Laparoscopic Colectomy: Does the Learning Curve Extend Beyond Colorectal Surgery Fellowship?
Joshua A. Waters, MD, Ray Chihara, MD, Jose Moreno, MD, Bruce Robb, MD, Virgilio George, MD
Indiana University School of Medicine
Background: As minimally invasive colon and rectal resection has become increasingly prevalent over the past decade, the role that fellowship training plays has become an important question.
This analysis examines the learning curve of one fellowship trained colorectal surgeon in the first 100 cases.
Methods: This is a prospectively collected retrospective analysis of the first 100 laparoscopic colon and rectal resections performed between July 2007 and July 2008 by a CRS fellowship trained surgeon at a VA and county hospital. Included were all nonemergent laparoscopic cases.
Results: Mean age was 63 years (range, 36 to 91). These 100 resections included 42 right, 6 left, 32 sigmoid, 13 rectal, and 7 total colectomies. Indications were 55% cancer, 19% unresectable polyp, 18% diverticular disease, 4% inflammatory, and 4% other. Overall mortality was 3%. Morbidity including wound infection was 28%. Early and late groups showed no difference in age, ASA, or indication. Overall conversion rate was 4%. No statistical difference was seen in mortality, morbidity, EBL, LOS, margin, lymph nodes, or conversions between the first and second 50 cases (P<0.05).

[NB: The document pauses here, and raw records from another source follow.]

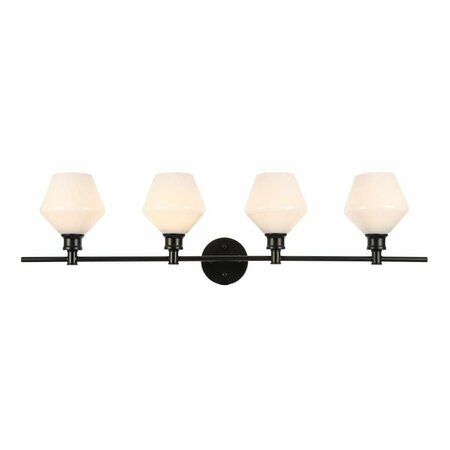 CLING Gene 4 Light Black & Frosted White Glass Wall Sconce CL3475539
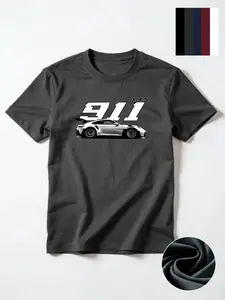 Men's 911 Car Enthusiast Crew Neck Graphic Fitted Tee - Automotive Style Hot Selling TikTok Viral Top
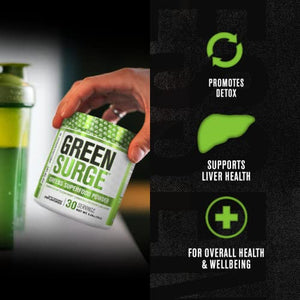 Green Surge Green Superfood Powder Supplement - Keto Friendly Greens Drink w/Spirulina, Wheat & Barley Grass - Green Tea Extract, Probiotics and Digestive Enzymes - Unflavored - 30sv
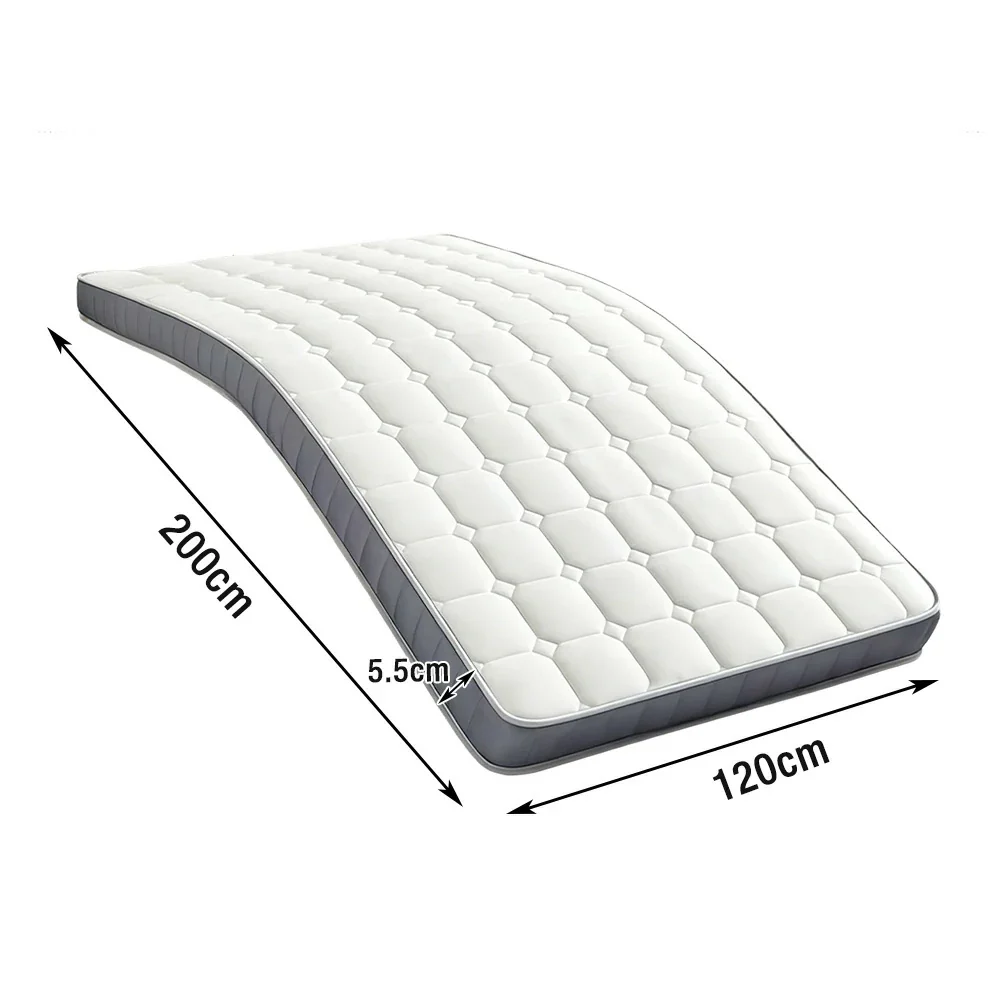 LIVARA Latex Memory Foam Mattress 120/150/180cm - 5.5cm Thick, Resilient Support, Breathable Cotton Cover, Antibacterial Milk Silk, Non-Slip Base - White - Image 6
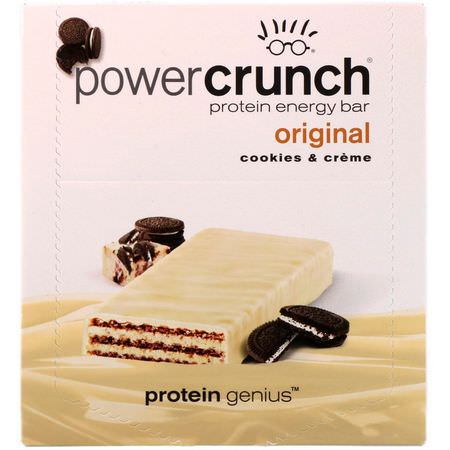 能量棒, 運動棒: BNRG, Power Crunch Protein Energy Bar, Original, Cookies and Creme, 12 Bars, 1.4 oz (40 g) Each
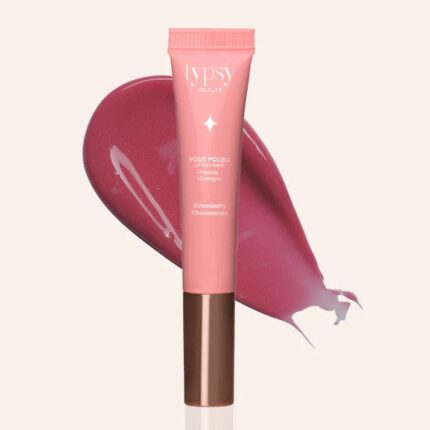 Typsy Beauty Pout Polish Lip Treatment Balm Peptide + CollagenShade:Strawberry Cheesecake with Shimmer: Shimmery Pink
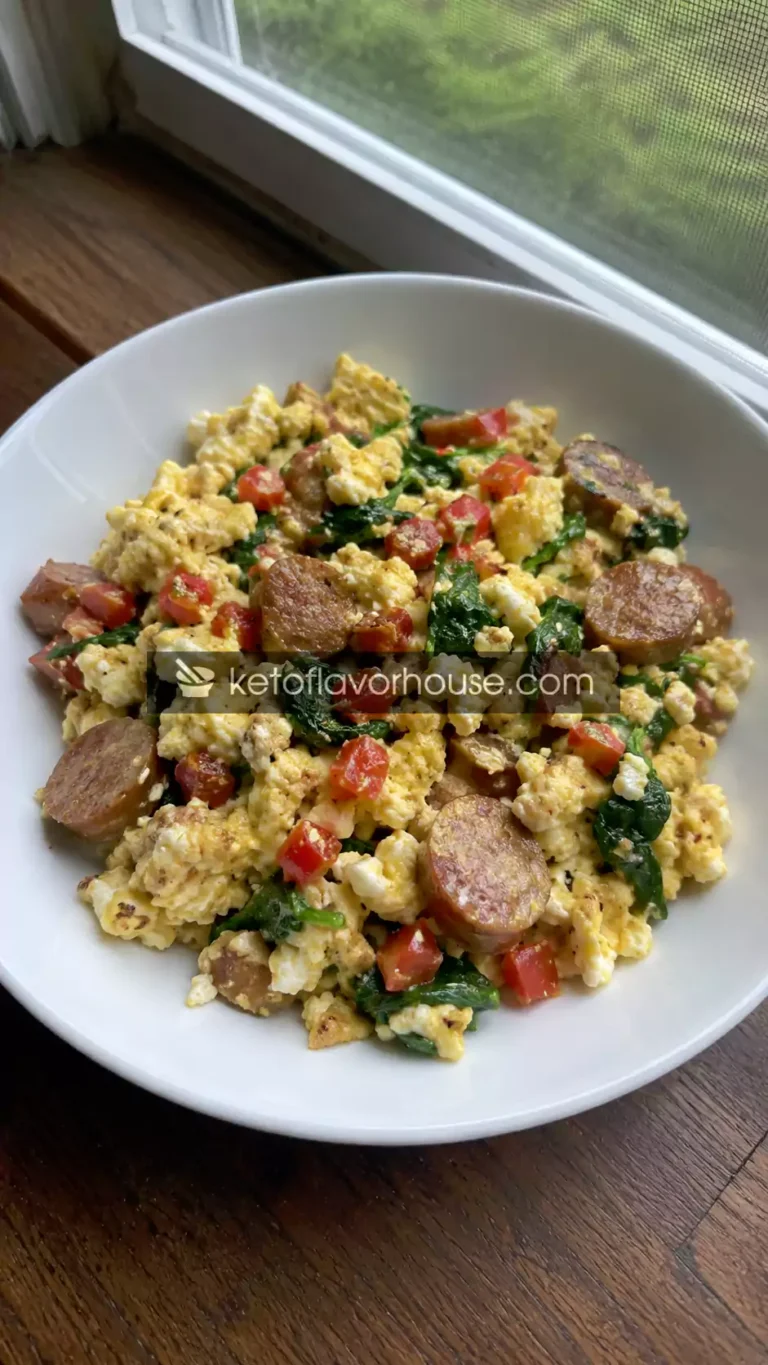 36g Protein Cottage Cheese Turkey Sausage Scramble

Right and sigmoid colectomy operative time decreased by 35% and 19%, respectively.
Conclusions: Prior investigators have demonstrated a significant learning curve in laparoscopic colorectal surgery. In the first 100 cases, no difference in mortality or morbidity occurred between early and late cases. Alternatively, operative times decreased over the first 100 cases. Laparoscopic experience during CRS fellowship surpasses the learning curve in regard to safety and outcome, whereas operative efficiency increases over the first year of practice.